Demo 0: Example and usage¶

In order to make things simple the following rules have been followed during development:

deel-lip follows the keras package structure.
All elements (layers, activations, initializers, ...) are compatible with standard the keras elements.
When a k-Lipschitz layer overrides a standard keras layer, it uses the same interface and the same parameters.

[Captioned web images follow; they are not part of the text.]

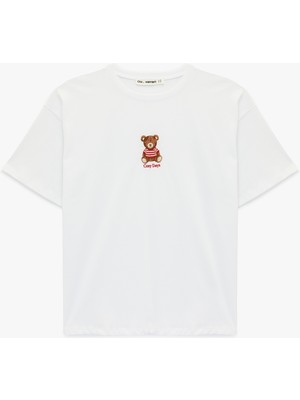 Koton Kısa Kollu Ayıcık Nakışlı Bisiklet Yaka Oversize Tişört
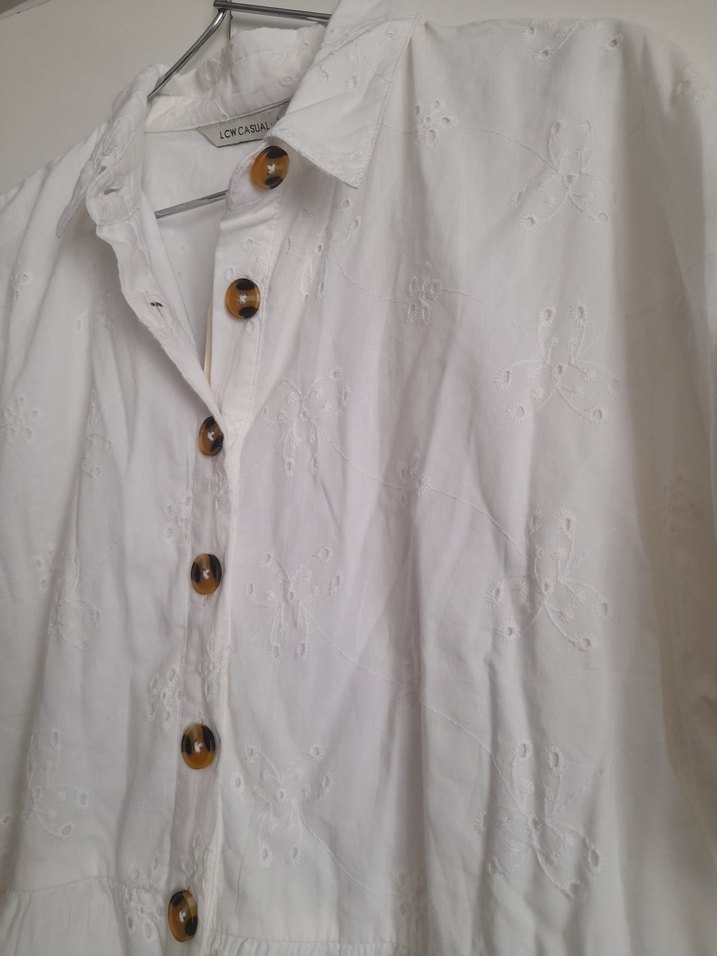 Düğmeli Beyaz Keten Midi Elbise - Görsel 3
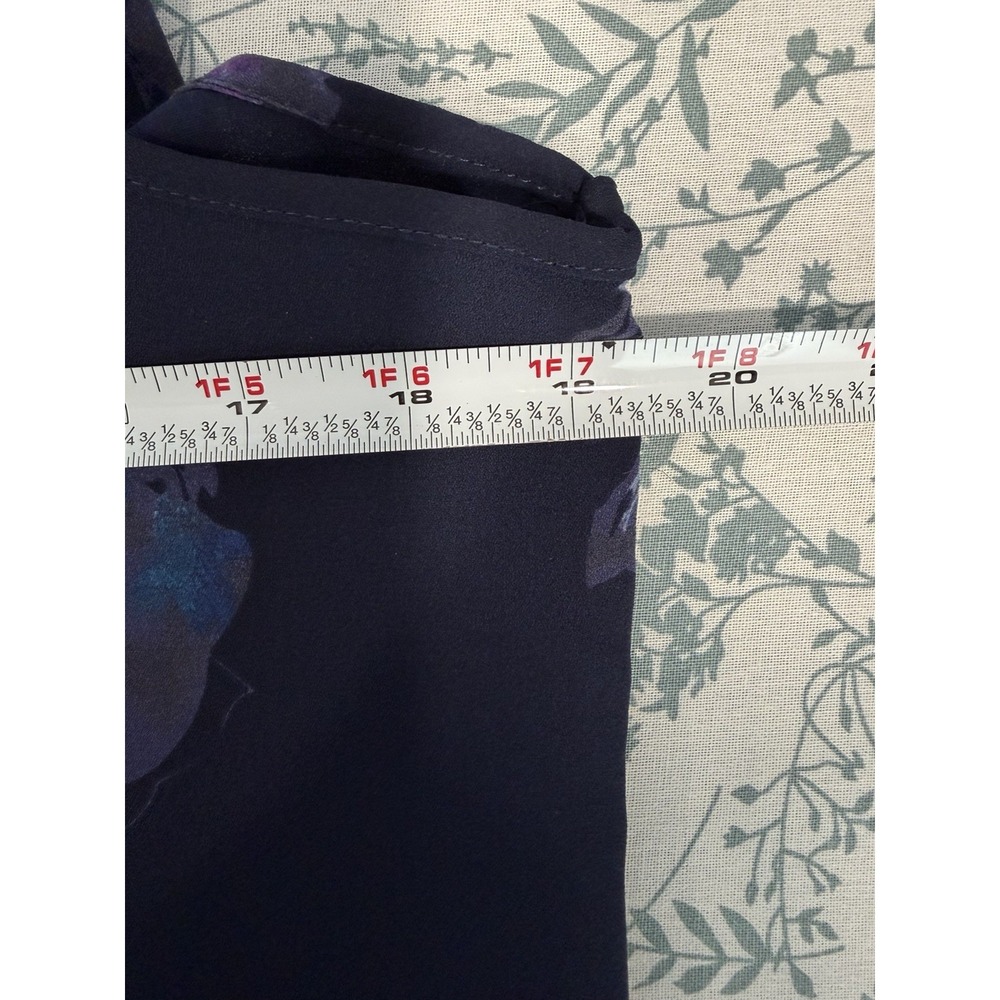 Katherine Barclay Floral Mini Dress Lined Navy Sleeveless A-Line Size 8 Y2K - Picture 11 of 12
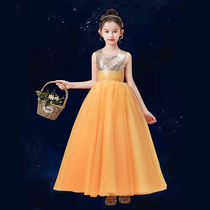 Girls Princess Dress Childrens Long Evening Tong Orchestral Performance Clothes Little Girl Childrens Skirt Birthday Photography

The only difference is a new parameter to control the Lipschitz constant of a layer.

Which layers are safe to use?¶

The following table indicates which layers are safe to use in a Lipshitz network, and which are not.

layer	1-lip?	deel-lip equivalent	comments
`Dense`	no	`SpectralDense` `FrobeniusDense`	`SpectralDense` and `FrobeniusDense` are similar when there is a single output.
`Conv2D`	no	`SpectralConv2D` `FrobeniusConv2D`	`SpectralConv2D` also implements Björck normalization.
`MaxPooling` `GlobalMaxPooling`	yes	n/a
`AveragePooling2D` `GlobalAveragePooling2D`	no	`ScaledAveragePooling2D` `ScaledGlobalAveragePooling2D`	The lipschitz constant is bounded by `sqrt(pool_h * pool_h)`.
`Flatten`	yes	n/a
`Dropout`	no	None	The lipschitz constant is bounded by the dropout factor.
`BatchNormalization`	no	None	We suspect that layer normalization already limits internal covariate shift.

Design tips¶

Designing lipschitz networks requires a careful design in order to avoid vanishing/exploding gradient problems.

Choosing pooling layers:

layer	advantages	disadvantages
`ScaledAveragePooling2D` and `MaxPooling2D`	very similar to original implementation (just add a scaling factor for avg).	not norm preserving nor gradient norm preserving.
`InvertibleDownSampling`	norm preserving and gradient norm preserving.	increases the number of channels (and the number of parameters of the next layer).
`ScaledL2NormPooling2D` (sqrt(avgpool(x2)))	norm preserving.	lower numerical stability of the gradient when inputs are close to zero.

Choosing activations:

layer	advantages	disadvantages
`ReLU`		create a strong vanishing gradient effect. If you manage to learn with it, please call 911.
`MaxMin` (stack([ReLU(x), ReLU(-x)]))	have similar properties to ReLU, but is norm and gradient norm preserving	double the number of outputs
`GroupSort`	Input and GradientNorm preserving. Also limit the need of biases (as it is shift invariant).	more computationally expensive, (when its parameter n is large)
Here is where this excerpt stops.